> [Task goal]
Your output should be the lines from the one containing "Fig. 11 - Tumor" through the last line below, both ends included, exactly as written and free of pictures.

> [Data section]
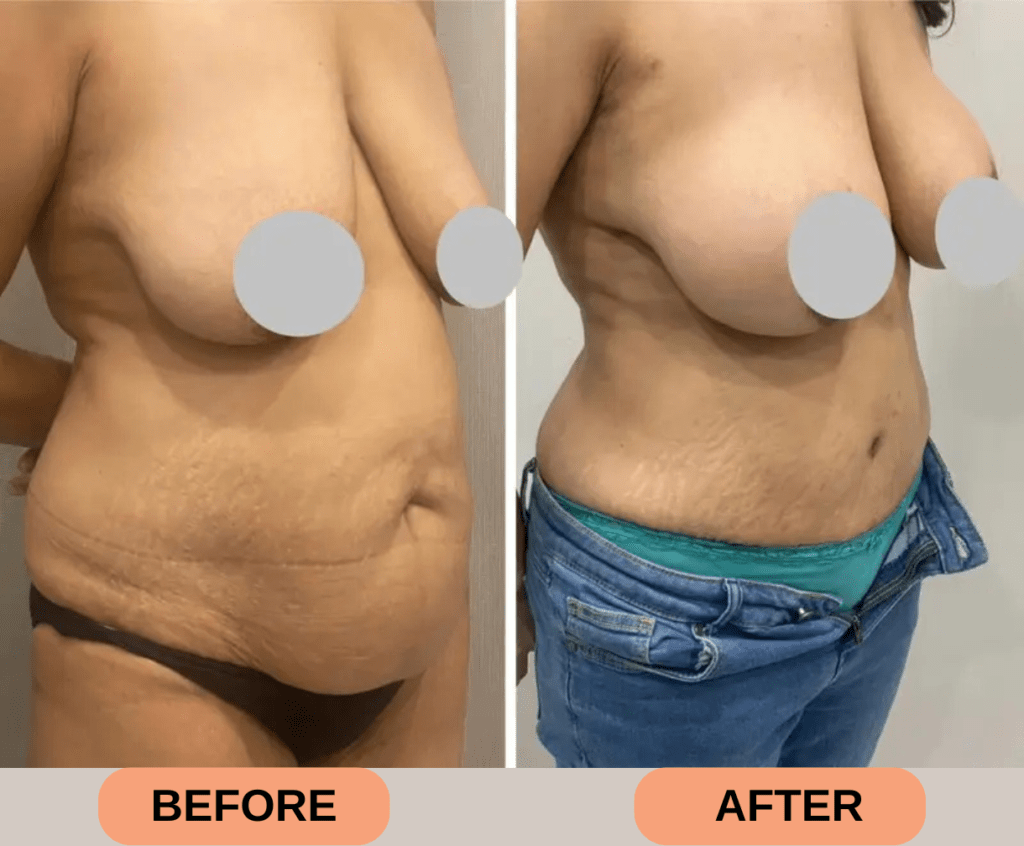 Mommy Makeover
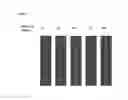 Fig. 11 - Tumor infiltrating cells engineered to express a pro-inflammatory polypeptide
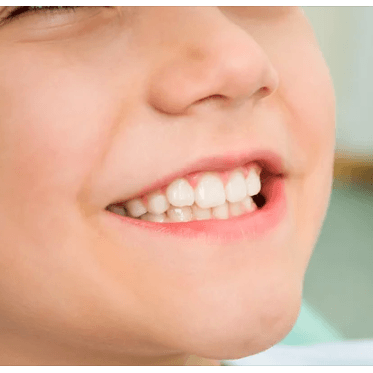 The Ultimate Guide to Kids' Teeth Whitening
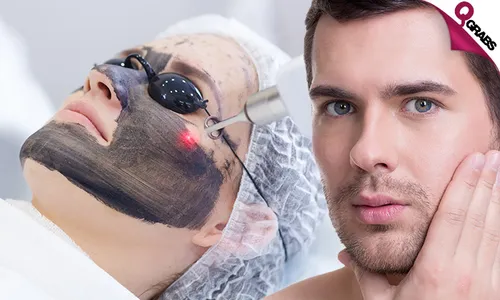 Carbon Laser for Face, Hair & Dark Areas!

> [Expected answer]
 Fig. 11 - Tumor infiltrating cells engineered to express a pro-inflammatory polypeptide
 The Ultimate Guide to Kids' Teeth Whitening
 Carbon Laser for Face, Hair & Dark Areas!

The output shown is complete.